** Excerpted records **
- - - -
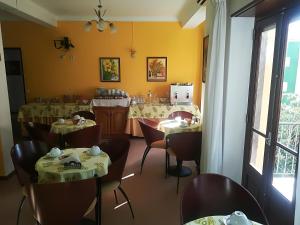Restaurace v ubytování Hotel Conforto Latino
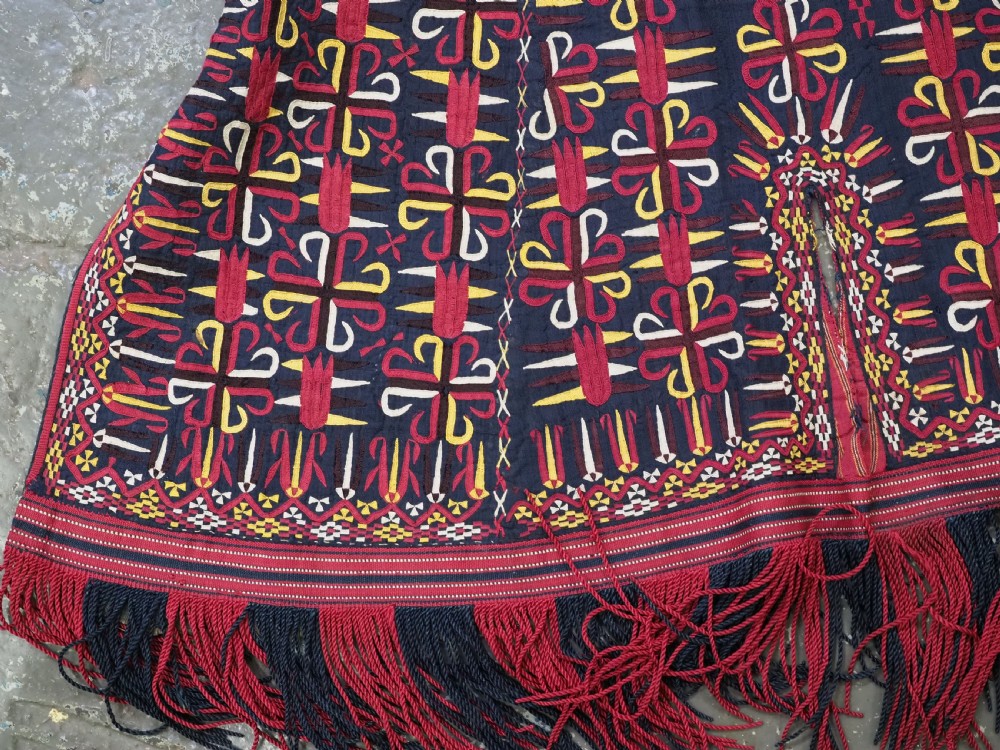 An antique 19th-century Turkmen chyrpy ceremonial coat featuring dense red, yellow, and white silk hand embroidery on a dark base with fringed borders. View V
- - - -
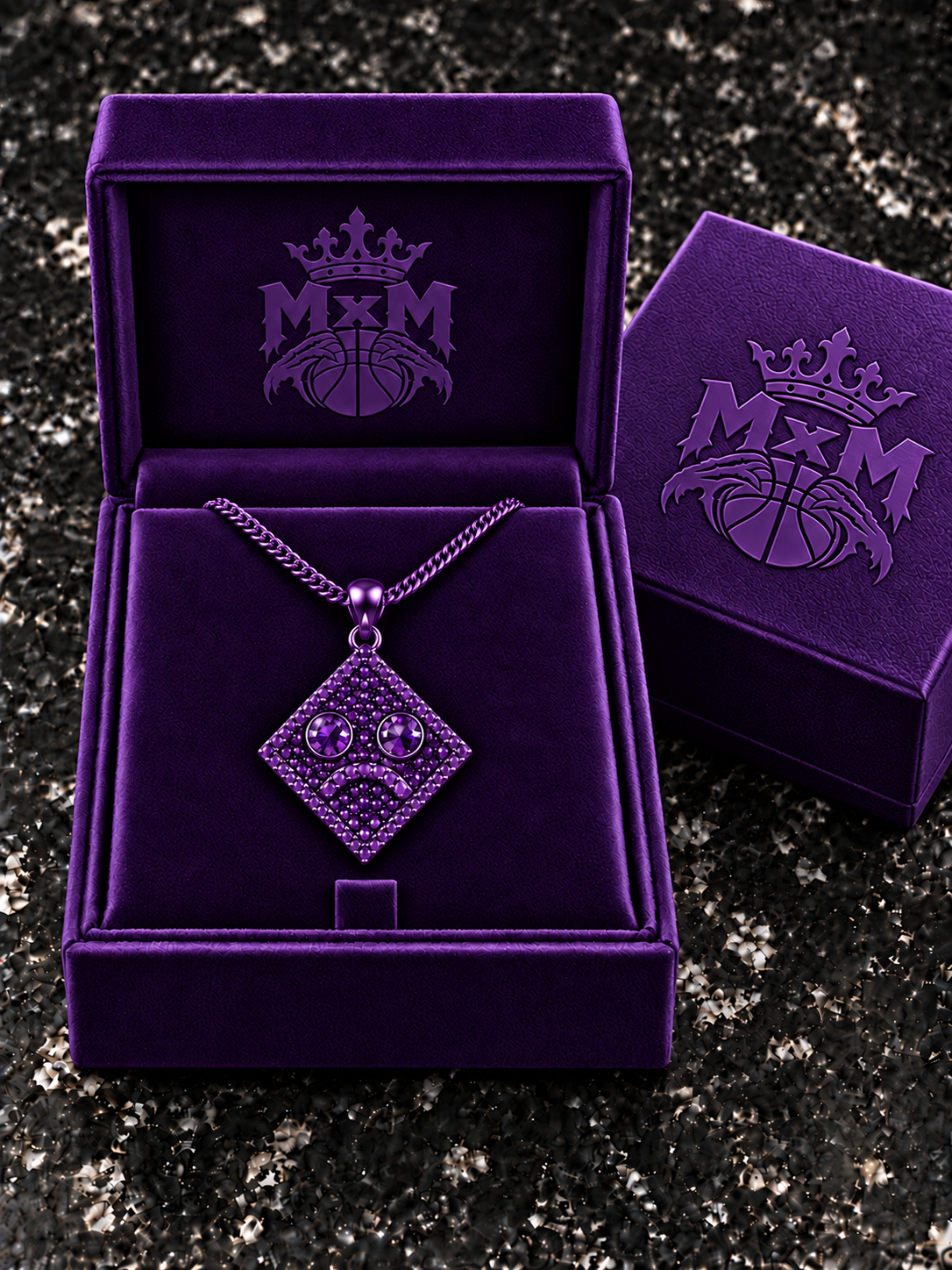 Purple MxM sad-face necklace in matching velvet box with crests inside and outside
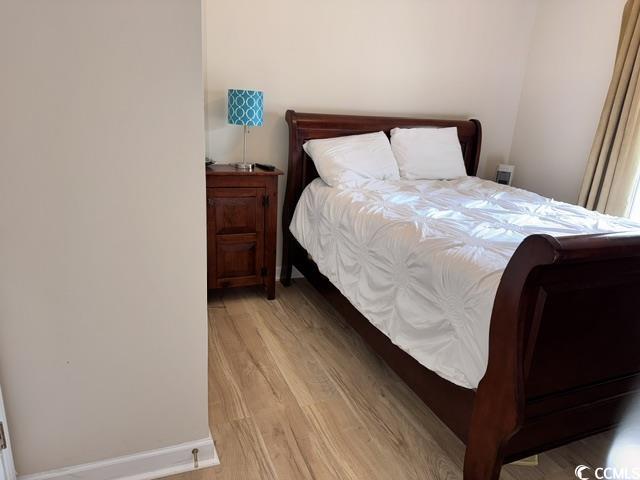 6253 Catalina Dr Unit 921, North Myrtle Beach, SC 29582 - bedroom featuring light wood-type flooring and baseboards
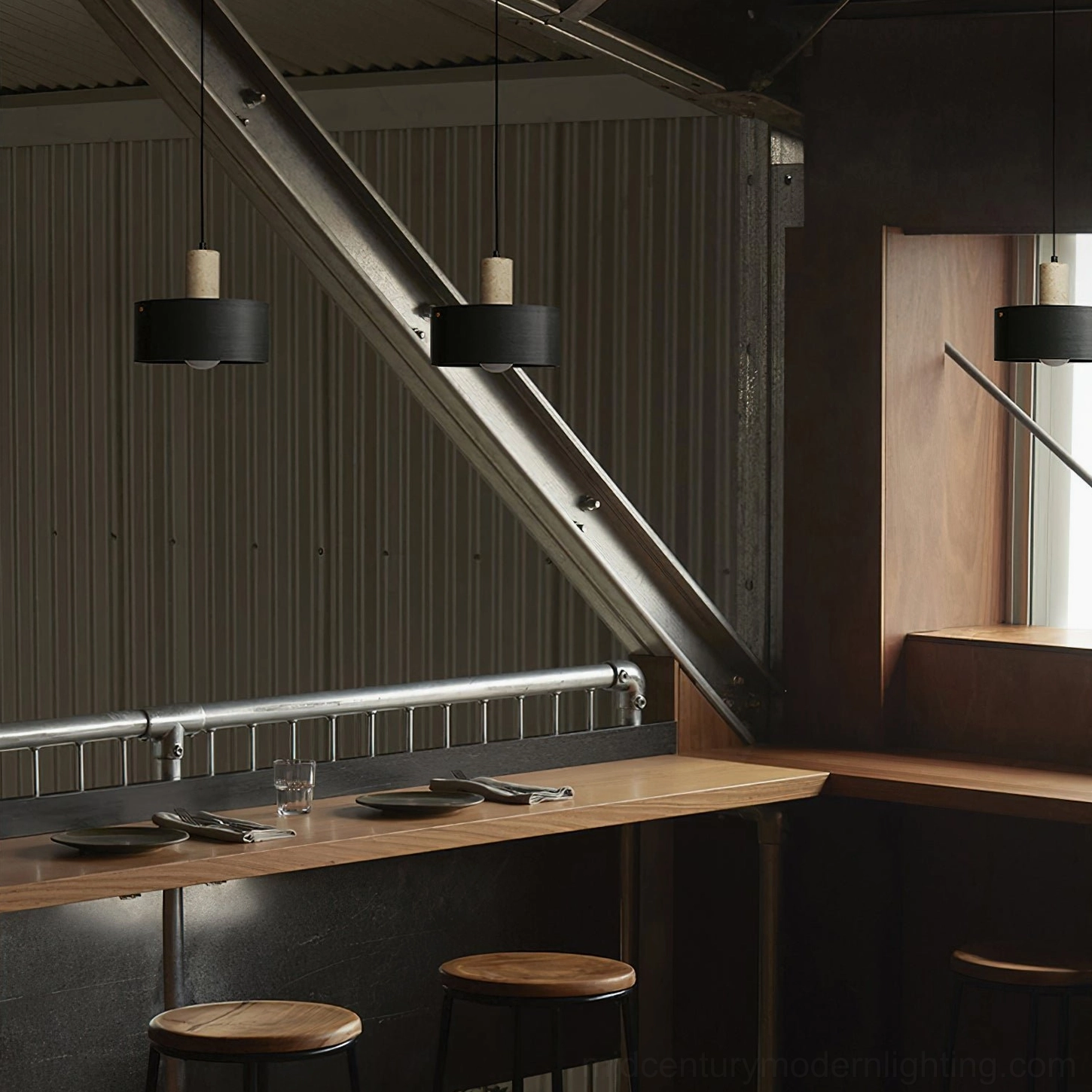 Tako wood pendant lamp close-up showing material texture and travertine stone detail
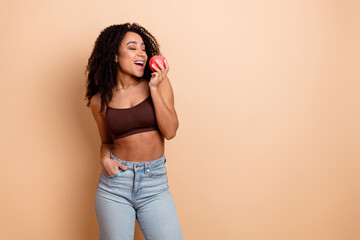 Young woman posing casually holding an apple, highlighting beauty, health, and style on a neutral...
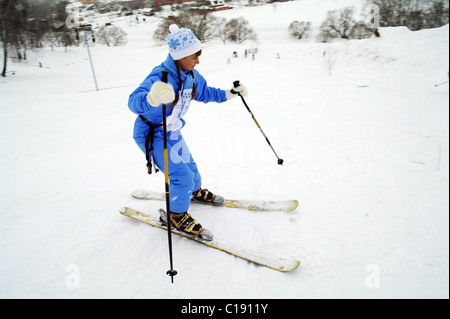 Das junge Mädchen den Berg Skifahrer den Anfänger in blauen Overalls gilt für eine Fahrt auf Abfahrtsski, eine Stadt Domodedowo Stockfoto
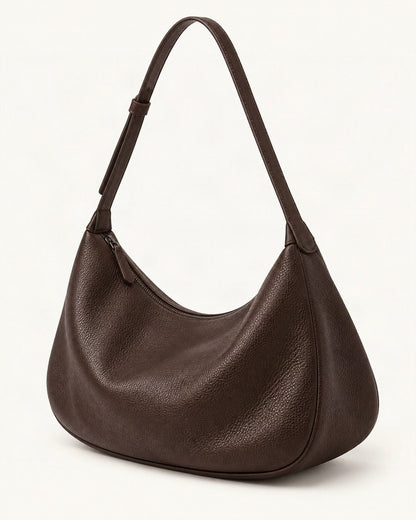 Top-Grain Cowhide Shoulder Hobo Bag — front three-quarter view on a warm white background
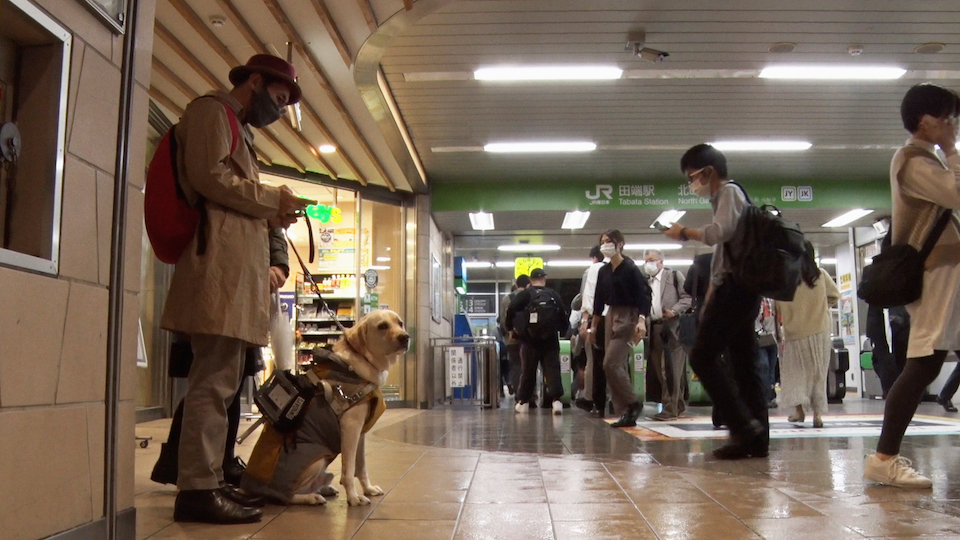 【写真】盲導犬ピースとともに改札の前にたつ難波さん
- - - -
** Exercise objective **
Working from the records above, set down word for word everything from the line containing "Restaurace v ubytování Hotel Conforto Latino" down to the line containing "An antique 19th-century", ends included, minus the pictures.

** Reply **
Restaurace v ubytování Hotel Conforto Latino
 An antique 19th-century Turkmen chyrpy ceremonial coat featuring dense red, yellow, and white silk hand embroidery on a dark base with fringed borders. View V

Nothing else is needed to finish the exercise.